To understand e-readers, you have to understand that you’re really dealing with a lightweight web browser. Ebooks are in fact a variation of web pages with HTML at their core. That’s really all they are. The cleaner the HTML you put into the ebook, the more predictable it will appear across various e-reader devices.
In the past, I’ve played around with a number of ways to ensure I convert word to clean HTML. I’ve used regular expression, tried to manually clean out all the excess code that Word adds. I even created my own program that attempted to return a clean HTML file. There are sites that claim to clean your HTML but the results have been disappointing and I’m a bit wary about uploading my book content to websites – call me paranoid.
Word to Clean HTML: Getting the Foundation Right
Then I downloaded a 30-day trial version of DocToHTML. Not only did this little program do all I wanted but performed other tasks I never thought possible.Once you install the program and open Word, it appears as a ribbon on the Word toolbar. From here, I can make all the settings I want. I can control how each style is saved, how images are handled, how I want various fonts to be converted, if I want each chapter to be broken into their own files, and the removal of empty spaces (very handy and perfect for ebooks).

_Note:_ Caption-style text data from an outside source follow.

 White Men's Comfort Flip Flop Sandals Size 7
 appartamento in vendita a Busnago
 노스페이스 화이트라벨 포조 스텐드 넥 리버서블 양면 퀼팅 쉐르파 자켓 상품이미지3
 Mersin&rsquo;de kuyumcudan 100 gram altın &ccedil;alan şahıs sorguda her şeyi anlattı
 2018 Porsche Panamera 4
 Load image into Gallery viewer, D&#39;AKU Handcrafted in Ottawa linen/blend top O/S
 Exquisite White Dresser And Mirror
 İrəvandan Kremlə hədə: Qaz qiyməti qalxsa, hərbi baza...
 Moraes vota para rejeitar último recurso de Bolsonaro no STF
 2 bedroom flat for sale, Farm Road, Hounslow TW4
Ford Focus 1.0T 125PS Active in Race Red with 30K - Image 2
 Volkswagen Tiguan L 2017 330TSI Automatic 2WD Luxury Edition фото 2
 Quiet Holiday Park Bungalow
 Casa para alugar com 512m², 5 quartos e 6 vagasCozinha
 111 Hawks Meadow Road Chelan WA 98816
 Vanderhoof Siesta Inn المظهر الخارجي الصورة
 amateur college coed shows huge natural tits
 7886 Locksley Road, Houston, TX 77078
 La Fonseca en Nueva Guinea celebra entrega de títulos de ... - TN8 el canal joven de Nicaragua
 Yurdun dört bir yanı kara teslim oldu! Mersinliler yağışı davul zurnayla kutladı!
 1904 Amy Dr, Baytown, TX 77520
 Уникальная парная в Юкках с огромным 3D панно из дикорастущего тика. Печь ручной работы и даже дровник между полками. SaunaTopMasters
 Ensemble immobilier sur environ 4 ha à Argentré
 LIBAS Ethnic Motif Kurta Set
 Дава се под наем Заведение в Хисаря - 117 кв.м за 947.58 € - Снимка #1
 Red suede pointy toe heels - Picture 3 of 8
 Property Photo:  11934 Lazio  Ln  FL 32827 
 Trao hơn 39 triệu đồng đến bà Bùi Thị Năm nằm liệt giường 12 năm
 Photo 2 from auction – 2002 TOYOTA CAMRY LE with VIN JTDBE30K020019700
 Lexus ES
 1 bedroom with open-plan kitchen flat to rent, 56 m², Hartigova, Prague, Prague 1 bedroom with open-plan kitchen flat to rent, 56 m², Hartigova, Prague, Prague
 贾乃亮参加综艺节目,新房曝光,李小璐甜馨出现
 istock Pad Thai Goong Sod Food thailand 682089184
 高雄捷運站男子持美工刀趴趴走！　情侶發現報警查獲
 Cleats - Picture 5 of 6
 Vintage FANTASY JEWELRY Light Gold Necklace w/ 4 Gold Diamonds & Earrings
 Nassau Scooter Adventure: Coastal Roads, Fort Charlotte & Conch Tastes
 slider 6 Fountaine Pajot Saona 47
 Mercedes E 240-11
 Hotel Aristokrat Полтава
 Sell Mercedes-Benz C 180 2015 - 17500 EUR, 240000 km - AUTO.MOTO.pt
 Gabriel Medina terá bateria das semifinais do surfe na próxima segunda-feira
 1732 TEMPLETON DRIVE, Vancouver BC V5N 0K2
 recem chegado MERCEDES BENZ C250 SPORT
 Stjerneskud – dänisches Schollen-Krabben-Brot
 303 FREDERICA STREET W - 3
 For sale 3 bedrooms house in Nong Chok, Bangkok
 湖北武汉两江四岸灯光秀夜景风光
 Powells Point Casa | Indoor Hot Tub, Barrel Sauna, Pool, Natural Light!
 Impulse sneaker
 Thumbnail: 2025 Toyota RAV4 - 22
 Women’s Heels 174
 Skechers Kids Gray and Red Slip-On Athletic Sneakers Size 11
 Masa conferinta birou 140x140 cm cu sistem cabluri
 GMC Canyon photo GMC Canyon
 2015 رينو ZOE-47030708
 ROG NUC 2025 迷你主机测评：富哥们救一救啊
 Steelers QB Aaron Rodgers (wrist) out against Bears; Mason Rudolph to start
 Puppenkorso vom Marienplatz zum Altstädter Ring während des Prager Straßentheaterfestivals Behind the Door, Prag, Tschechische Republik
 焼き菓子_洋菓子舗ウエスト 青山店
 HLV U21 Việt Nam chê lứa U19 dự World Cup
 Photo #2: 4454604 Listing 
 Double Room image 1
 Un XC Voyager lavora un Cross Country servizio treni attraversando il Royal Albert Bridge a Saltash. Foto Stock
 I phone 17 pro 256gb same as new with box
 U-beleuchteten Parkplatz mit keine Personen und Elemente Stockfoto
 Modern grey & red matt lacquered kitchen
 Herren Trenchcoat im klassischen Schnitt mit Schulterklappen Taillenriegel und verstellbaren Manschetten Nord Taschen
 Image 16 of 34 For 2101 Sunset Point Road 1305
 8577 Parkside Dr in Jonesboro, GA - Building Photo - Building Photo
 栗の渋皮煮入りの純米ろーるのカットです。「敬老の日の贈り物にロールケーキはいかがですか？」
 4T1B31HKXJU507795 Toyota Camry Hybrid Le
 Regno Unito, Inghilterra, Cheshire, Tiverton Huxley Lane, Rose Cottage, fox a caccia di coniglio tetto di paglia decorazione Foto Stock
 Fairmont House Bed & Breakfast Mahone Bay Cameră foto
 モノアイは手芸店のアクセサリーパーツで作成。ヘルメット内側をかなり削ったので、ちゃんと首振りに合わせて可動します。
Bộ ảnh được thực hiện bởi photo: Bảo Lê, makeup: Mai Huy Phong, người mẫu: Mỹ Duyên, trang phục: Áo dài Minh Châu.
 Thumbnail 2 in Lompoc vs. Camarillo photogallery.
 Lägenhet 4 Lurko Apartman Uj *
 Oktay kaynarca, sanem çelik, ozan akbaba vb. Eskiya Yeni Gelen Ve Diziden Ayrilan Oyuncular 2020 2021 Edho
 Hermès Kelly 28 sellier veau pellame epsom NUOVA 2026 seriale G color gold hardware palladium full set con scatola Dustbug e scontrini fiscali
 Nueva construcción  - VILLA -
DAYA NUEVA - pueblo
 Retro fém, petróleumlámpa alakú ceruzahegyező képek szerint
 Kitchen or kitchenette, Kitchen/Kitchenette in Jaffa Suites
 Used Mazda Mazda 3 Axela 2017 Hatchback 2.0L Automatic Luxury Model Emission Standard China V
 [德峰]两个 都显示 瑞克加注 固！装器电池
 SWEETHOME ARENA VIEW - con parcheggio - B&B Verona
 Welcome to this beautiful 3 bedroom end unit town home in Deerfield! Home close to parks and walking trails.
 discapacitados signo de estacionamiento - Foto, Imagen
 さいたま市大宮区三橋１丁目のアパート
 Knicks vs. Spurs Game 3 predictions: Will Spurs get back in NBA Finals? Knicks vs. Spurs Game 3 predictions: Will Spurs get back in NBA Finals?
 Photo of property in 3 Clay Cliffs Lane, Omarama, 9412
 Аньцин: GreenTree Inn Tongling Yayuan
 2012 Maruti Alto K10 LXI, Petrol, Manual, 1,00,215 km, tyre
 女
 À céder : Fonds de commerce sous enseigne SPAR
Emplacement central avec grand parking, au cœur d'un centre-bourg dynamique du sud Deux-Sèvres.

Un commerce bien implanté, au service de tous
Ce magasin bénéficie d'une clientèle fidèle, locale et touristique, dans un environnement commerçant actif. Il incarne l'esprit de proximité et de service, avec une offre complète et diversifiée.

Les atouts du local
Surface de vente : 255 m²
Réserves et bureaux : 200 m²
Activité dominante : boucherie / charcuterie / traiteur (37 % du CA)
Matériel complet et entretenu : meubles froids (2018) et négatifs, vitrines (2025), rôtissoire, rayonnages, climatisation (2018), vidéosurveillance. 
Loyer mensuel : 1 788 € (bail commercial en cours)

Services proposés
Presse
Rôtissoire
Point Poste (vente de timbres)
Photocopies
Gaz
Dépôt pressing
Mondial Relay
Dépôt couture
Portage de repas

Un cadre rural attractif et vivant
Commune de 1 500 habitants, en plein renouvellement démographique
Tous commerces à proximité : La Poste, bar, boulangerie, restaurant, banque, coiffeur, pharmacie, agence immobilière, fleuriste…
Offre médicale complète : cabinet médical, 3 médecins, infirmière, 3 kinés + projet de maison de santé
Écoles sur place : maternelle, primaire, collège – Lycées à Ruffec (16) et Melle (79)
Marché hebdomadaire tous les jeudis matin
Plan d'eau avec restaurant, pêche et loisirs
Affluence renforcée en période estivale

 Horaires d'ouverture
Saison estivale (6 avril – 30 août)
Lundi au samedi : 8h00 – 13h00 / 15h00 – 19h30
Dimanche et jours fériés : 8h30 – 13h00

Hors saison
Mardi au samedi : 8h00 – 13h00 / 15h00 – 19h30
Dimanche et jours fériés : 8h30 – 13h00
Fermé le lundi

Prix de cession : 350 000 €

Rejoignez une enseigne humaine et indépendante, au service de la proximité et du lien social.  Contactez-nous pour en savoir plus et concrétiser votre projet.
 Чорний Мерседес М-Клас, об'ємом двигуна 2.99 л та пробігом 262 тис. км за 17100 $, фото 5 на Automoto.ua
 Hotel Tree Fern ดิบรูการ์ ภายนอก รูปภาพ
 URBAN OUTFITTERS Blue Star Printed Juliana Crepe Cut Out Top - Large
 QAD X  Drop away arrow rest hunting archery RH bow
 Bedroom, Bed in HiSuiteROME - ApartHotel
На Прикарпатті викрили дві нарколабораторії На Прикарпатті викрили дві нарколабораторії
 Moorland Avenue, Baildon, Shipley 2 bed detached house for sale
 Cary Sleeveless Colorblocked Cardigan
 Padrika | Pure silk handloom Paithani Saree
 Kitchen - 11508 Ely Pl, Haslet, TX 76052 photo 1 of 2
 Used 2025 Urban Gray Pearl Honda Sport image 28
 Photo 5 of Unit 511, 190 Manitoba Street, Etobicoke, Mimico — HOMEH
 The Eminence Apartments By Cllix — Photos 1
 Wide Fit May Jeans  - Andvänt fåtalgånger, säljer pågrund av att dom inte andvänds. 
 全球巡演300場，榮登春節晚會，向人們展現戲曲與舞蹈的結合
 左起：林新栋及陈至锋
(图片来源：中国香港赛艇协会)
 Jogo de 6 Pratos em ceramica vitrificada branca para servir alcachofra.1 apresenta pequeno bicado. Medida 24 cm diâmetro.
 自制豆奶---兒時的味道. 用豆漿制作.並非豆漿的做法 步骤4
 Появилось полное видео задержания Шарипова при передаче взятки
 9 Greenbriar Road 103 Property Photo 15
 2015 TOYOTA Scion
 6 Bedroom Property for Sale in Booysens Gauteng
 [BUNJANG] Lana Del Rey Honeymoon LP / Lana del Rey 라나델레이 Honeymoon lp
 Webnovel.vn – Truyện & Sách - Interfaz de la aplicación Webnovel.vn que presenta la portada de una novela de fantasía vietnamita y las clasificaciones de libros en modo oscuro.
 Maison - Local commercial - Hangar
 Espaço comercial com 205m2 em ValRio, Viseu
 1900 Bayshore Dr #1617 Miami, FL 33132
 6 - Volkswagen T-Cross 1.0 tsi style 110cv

The outputted HTML was as clean as I could ever expect. The smaller this file, the smaller the final ebook and the less cost you incur from Amazon.
Once the book part was done, I could then change the settings for web publication and upload sections to my blog. Sweet.
In short, this tool is the answer to my word conversion problems. I’ll be using it to produce clean HTML for all my future books.
DoctoHTML is available on a 30-day trial and the license only costs $39.